Ich bleibe dabei: Den "Kult der Offensive" gab es nur als gedankliches Konstrukt - und das erst, nachdem die deutsche Politik die fragwürdige Entscheidung getroffen hatte, den Krieg zu eröffnen. Ausschlaggebend dafür waren in erster Linie politische Gründe, nicht militärische. Die Entscheidung wurde auch nicht von Militärs getroffen, sondern von Politikern. Und sie war keineswegs "alternativlos".
Und die entsprechende Literatur ist schon mehr als einmal aufgeführt worden.
Wahrscheinlich lese ich zu wenig.... :still:
Wer aus welchen Gründen Krieg führt oder nicht führt, ist Gegenstand von differenzierten Diskssionen im Bereich der Theoriebildung zu "International Relations" (IR). Und ob diese Kriege dann defensiv oder offensiv geführt worden sind, ist ebenso komplex und Gegenstand der Diskussion.
Wenn man Krieg ganz abstrakt betrachtet - ja. Wenn man über die Frage diskutiert, aus welchen Gründen Deutschland den WKI begonnen und offensiv geführt hat - nein.

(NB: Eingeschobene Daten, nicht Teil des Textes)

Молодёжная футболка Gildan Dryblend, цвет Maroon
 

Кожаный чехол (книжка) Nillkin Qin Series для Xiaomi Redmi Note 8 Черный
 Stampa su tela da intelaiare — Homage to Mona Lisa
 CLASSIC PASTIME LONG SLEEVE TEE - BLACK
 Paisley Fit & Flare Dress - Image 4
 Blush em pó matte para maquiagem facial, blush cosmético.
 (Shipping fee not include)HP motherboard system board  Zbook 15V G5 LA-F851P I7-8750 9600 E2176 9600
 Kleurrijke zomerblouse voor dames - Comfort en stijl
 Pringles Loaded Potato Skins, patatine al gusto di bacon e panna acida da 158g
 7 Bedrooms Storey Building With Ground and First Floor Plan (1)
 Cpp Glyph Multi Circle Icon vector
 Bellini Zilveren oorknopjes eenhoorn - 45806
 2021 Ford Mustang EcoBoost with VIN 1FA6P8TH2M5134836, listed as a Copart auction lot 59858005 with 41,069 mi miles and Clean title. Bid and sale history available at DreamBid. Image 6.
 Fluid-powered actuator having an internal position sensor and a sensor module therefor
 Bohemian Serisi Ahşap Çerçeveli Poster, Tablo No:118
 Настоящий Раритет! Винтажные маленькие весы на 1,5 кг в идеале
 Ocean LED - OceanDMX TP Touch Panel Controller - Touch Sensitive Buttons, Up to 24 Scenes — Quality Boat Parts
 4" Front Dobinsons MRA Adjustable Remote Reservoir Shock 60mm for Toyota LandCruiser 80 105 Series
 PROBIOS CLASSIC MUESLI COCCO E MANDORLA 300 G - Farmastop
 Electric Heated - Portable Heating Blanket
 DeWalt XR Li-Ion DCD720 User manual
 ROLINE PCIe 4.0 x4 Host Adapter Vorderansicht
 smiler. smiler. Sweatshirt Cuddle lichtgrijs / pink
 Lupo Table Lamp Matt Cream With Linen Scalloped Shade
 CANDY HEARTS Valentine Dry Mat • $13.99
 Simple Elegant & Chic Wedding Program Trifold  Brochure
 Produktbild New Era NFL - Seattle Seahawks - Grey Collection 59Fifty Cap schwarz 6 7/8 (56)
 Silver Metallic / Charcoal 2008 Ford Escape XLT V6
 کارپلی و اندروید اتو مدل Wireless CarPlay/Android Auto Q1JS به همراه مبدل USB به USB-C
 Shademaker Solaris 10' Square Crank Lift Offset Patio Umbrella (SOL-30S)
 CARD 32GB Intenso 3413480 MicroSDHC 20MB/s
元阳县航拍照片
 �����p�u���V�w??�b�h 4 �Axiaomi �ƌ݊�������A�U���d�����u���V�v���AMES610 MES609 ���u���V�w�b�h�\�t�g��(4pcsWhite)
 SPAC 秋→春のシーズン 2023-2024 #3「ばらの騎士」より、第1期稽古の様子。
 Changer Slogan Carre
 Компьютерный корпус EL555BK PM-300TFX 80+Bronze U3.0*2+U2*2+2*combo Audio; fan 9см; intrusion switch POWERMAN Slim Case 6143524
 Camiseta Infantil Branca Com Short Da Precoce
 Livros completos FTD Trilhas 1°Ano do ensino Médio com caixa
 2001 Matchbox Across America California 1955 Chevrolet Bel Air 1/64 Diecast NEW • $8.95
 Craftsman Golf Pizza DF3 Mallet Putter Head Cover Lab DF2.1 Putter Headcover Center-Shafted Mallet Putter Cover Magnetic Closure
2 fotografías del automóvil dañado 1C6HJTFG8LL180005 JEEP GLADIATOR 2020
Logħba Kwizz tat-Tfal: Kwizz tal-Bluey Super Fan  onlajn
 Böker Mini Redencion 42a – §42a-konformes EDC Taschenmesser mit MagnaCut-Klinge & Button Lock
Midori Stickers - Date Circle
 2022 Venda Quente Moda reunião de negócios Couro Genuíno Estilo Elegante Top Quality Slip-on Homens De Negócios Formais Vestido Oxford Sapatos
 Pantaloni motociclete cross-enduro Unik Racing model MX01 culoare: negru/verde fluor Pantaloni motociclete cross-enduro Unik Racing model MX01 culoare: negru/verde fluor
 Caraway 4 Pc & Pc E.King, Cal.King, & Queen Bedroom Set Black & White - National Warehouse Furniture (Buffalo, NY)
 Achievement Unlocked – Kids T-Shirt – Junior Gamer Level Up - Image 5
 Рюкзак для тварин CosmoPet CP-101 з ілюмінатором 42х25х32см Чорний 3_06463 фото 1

Ansonsten war der Schlieffenplan" - als extremes Beispiel - für den "Kult der Offensive" weder ein "Kult" noch auf "Ehrvorstellungen" basiert, sondern das Ergebnis des Nachdenkens eines sehr einseitig talentierten Militärs, der die militärische Problemlösung radikal zugespitzt hatt, um der komplizierten geographischen Lage Deutschlands in der Mitte Europas gerecht zu werden.
Diese Behauptung unterstellt, dass Schlieffen nur die offensive Variante gedacht hat, weil er wegen seines einseitigen Talents nur diese offensive Variante denken konnte. War das denn wirklich so? Ist es nicht auch denkbar, dass er mit seinem Plan nur auf die Frage geantwortet hat, was zu tun sei, wenn die deutsche Politik entscheiden sollte, Frankreich mit einem schnellen Schlag niederwerfen zu wollen? Könnte es nicht sein, dass Schlieffen in der Lage gewesen wäre, auch Antworten auf die Frage zu geben, was zu tun sei, wenn Frankreich versuchen sollte, Deutschland mit einem schnellen Schlag niederzuwerfen?
Militärs entwickeln an grünen Tischen eigentlich grundsätzlich Pläne für alle möglichen Szenarien, die sie sich ausdenken können. Dass der WKI von Deutschland offensiv geführt worden ist, besagt noch lange nicht, dass Konzepte für eine defensive Kriegführung gar nicht existierten, weil alle so im "Kult der Offensive" gefangen gewesen wären...
Irgendwer hat entschieden, dass das Militär alle defensiven Planspiele in die Tonne treten und sofort die offensiven auspacken sollte. Das ist der ganze "Kult der Offensive".